Let x be the distance from the vertex of the cone along its height. Then, we have to find the radius r(x) and height h(x) as functions of x. Consider a cross-sectional triangle formed by a vertical line segment passing through the cone perpendicular to the base and with vertex at the apex of the cone, height line, and a radius line segment. By similarity, the triangles formed by x and full height are similar. So, r(x)/3 = x/8 => r(x) = 3x/8 h(x) = x (Since the height increases linearly with position x)

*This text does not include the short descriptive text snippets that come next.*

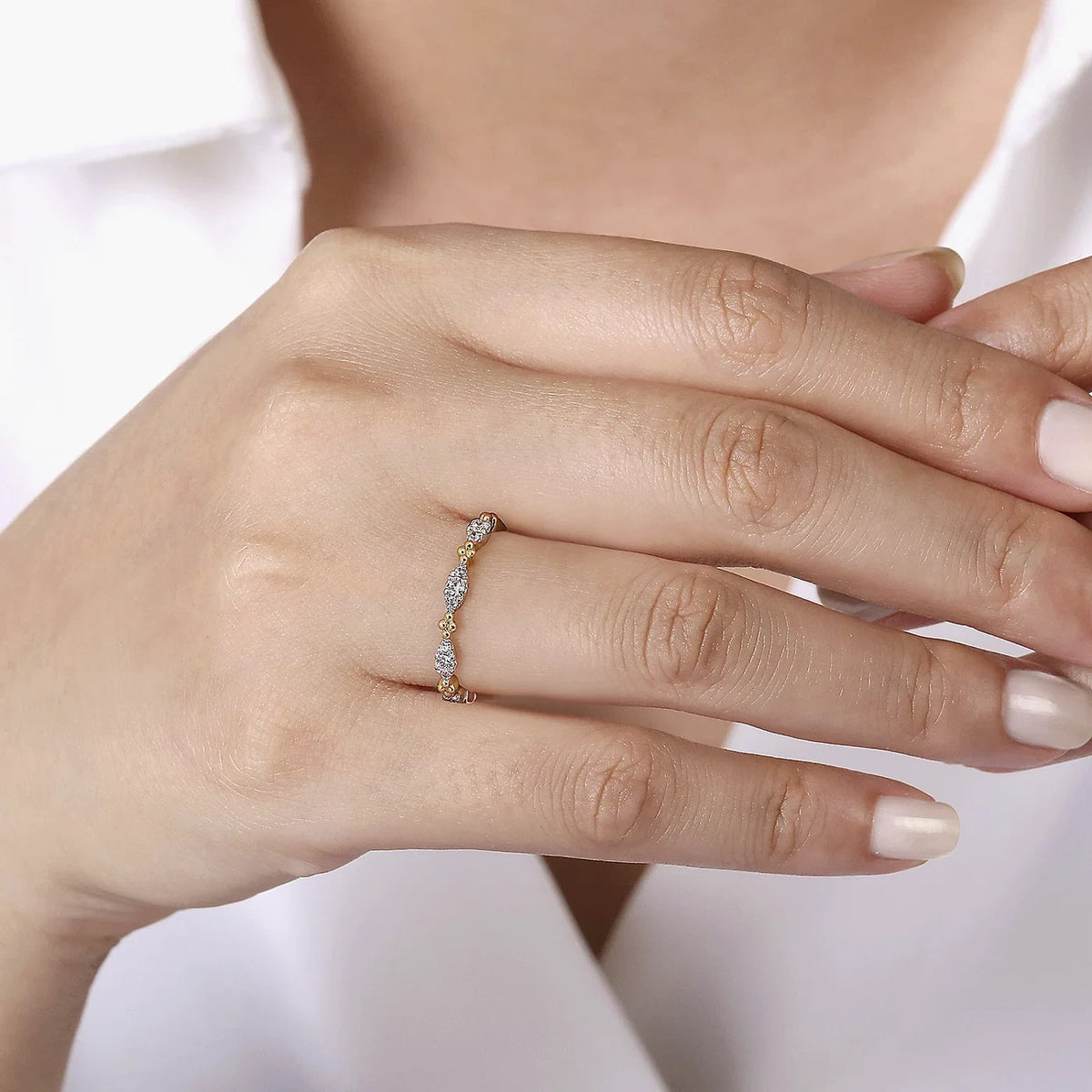 Bujukan Stackable Beaded Diamond Marquise Ring in Yellow Gold, 0.20 cttw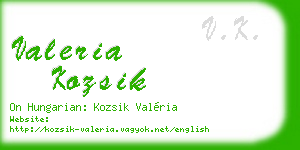 valeria kozsik business card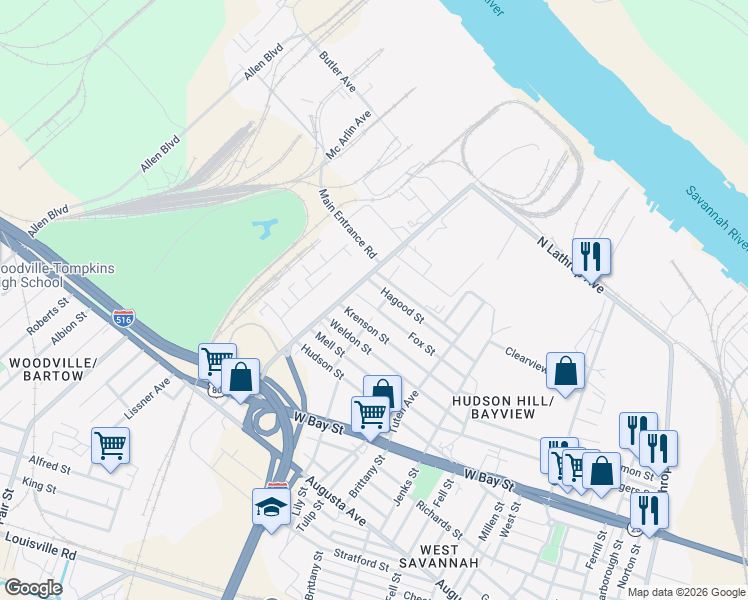 map of restaurants, bars, coffee shops, grocery stores, and more near 806 West Lathrop Avenue in Savannah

Now, we'll set up the integral representing the volume of the cone using shell method. The formula for the volume of a solid created by revolving function about the x-axis, using shell method is: $$ V = 2\pi \int_{a}^{b} r(x)h(x)dx $$ In our case, we'll integrate from the vertex (x=0) to the base (x=8, since the cone's height is 8). So, a = 0 and b = 8. $$ V = 2\pi \int_{0}^{8} (\frac{3x}{8})(x)dx $$

Now, we'll solve the integral to find the volume of the cone. $$ V = 2\pi \int_{0}^{8} (\frac{3x^2}{8})dx $$ $$ V = 2\pi [\frac{3x^3}{24} \Big|_0^8] $$ $$ V = 2\pi [\frac{3(8)^3}{24} - 0] $$ $$ V = 2\pi [\frac{1536}{24}] $$ $$ V = 2\pi [64] $$ $$ V = 128\pi $$ The volume of the right circular cone with radius 3 and height 8 is 128π cubic units.